As leis partidárias e as prestações de contas eleitorais - III
Quando estava cursando meu doutorado em Direito na Argentina, tive a oportunidade de conversar com um dos ministros do Superior Tribunal Eleitoral de lá. Uma das coisas que ele tinha muita curiosidade em relação ao Direito Eleitoral brasileiro era sobre a sistemática da contabilidade eleitoral de nosso país.
Como o Brasil vive em constantes escândalos de corrupção política, e isso repercute diariamente em toda a imprensa internacional, aquele ministro passou uma tarde inteira me fazendo perguntas sobre o assunto querendo entendê-lo juridicamente.

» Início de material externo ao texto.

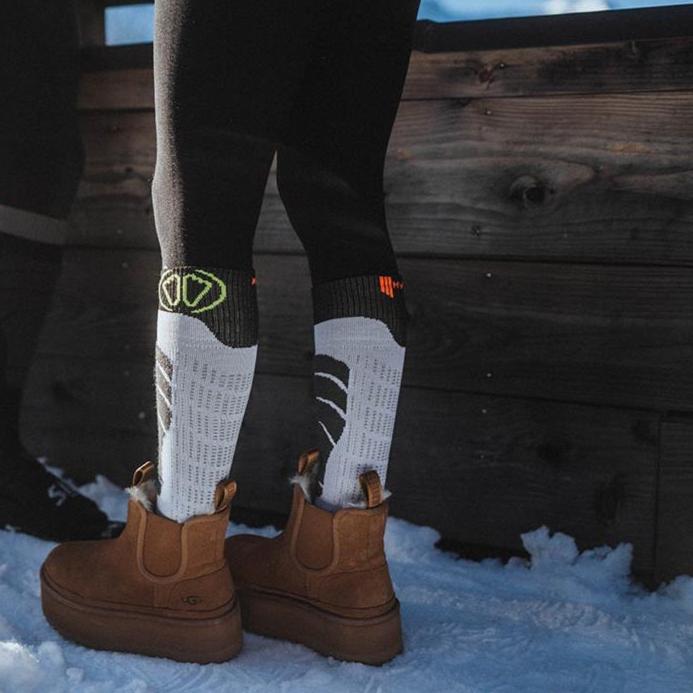sidas-ski-comfort-calze-da-sci-bianco-nero image 3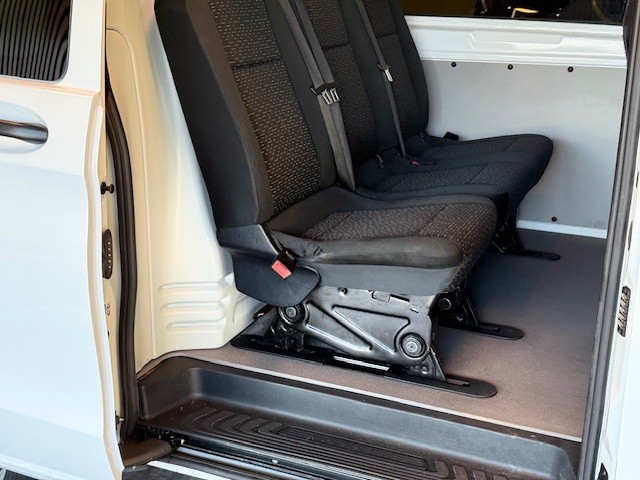 MERCEDES VITO COMBI MIXTA 116 CDI LARGA  2.0CDI 163CV 6 Plazas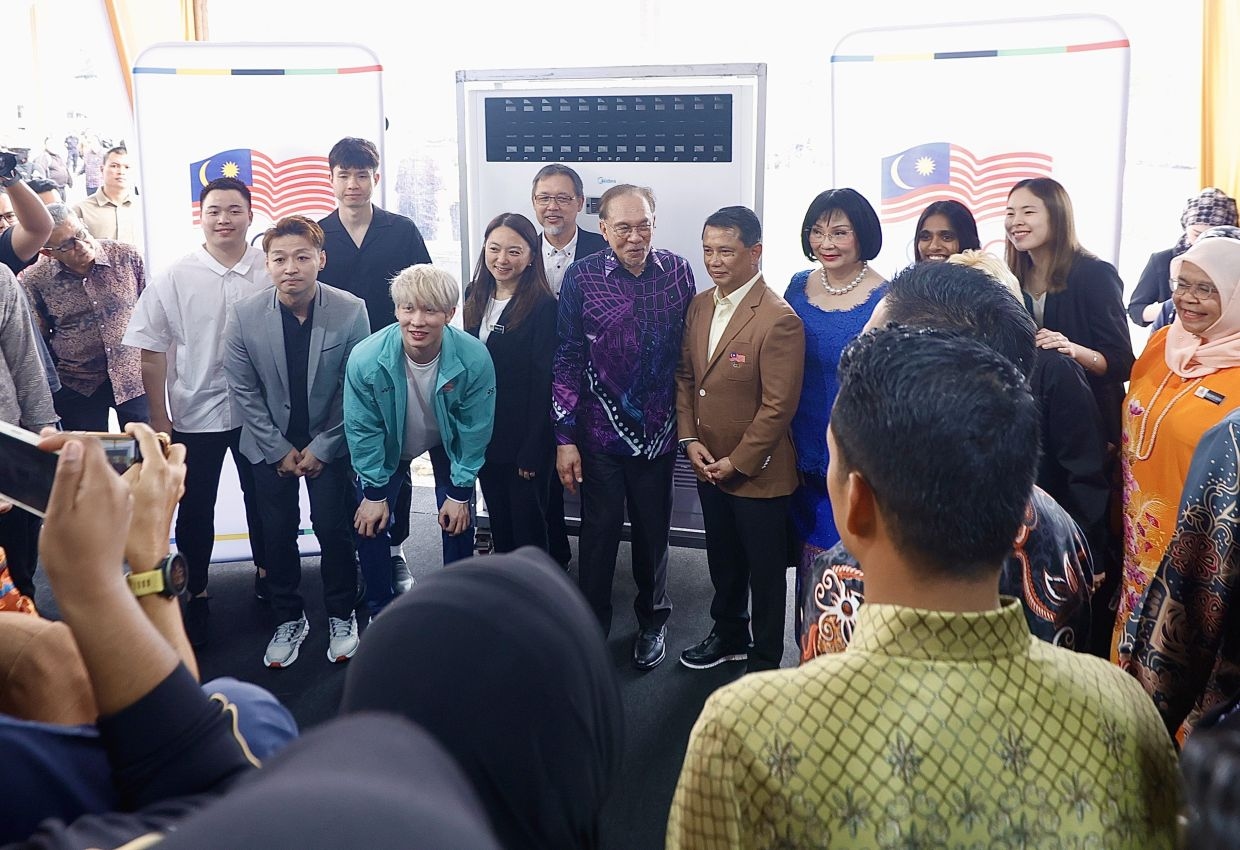 PM hopes new OCM HQ will spur country to win first Olympic gold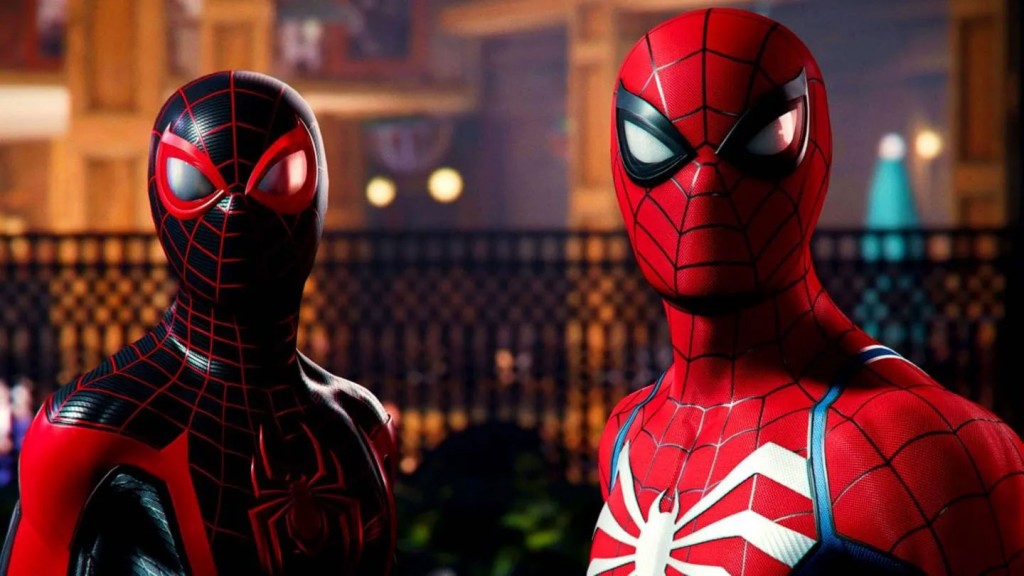 بلاي ستيشن spider man 2 على ps5
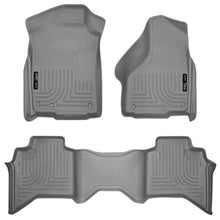 Husky Liners Front & 2Nd Seat Floor Liners (2002-2009 Ram 1500, Ram 2500, Ram 3500) - 98032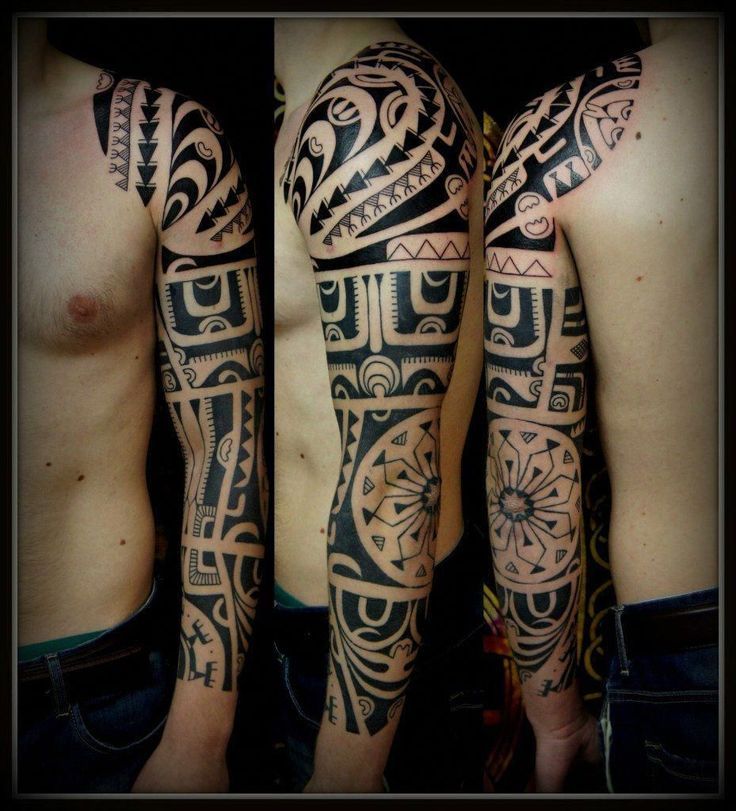 Bird Samoan Tattoo.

Disse a ele naquela oportunidade que diz o artigo 35 da Lei nº 9.096/95, que os Tribunais Eleitorais, à vista de denúncia fundamentada de filiados ou delegados de partido, de representação do Ministério Público Eleitoral ou de iniciativa do Corregedor Eleitoral, determinarão o exame da escrituração do partido e a apuração de qualquer ato que viole as prescrições legais ou estatutárias a que, em matéria financeira, aquele ou seus filiados estejam sujeitos, podendo, inclusive, determinar a quebra de sigilo bancário das contas dos partidos políticos para o esclarecimento ou apuração de fatos vinculados à denúncia.
O Ministério Público Eleitoral deverá acompanhar, como custos legis, todo o julgamento de prestação de contas dos partidos. O partido, aqui, é parte (Cf. LC nº 75/93, art. 72, caput; CE, art. 24, IV e, ainda, Joel José Cândido, Direito eleitoral brasileiro, p. 380).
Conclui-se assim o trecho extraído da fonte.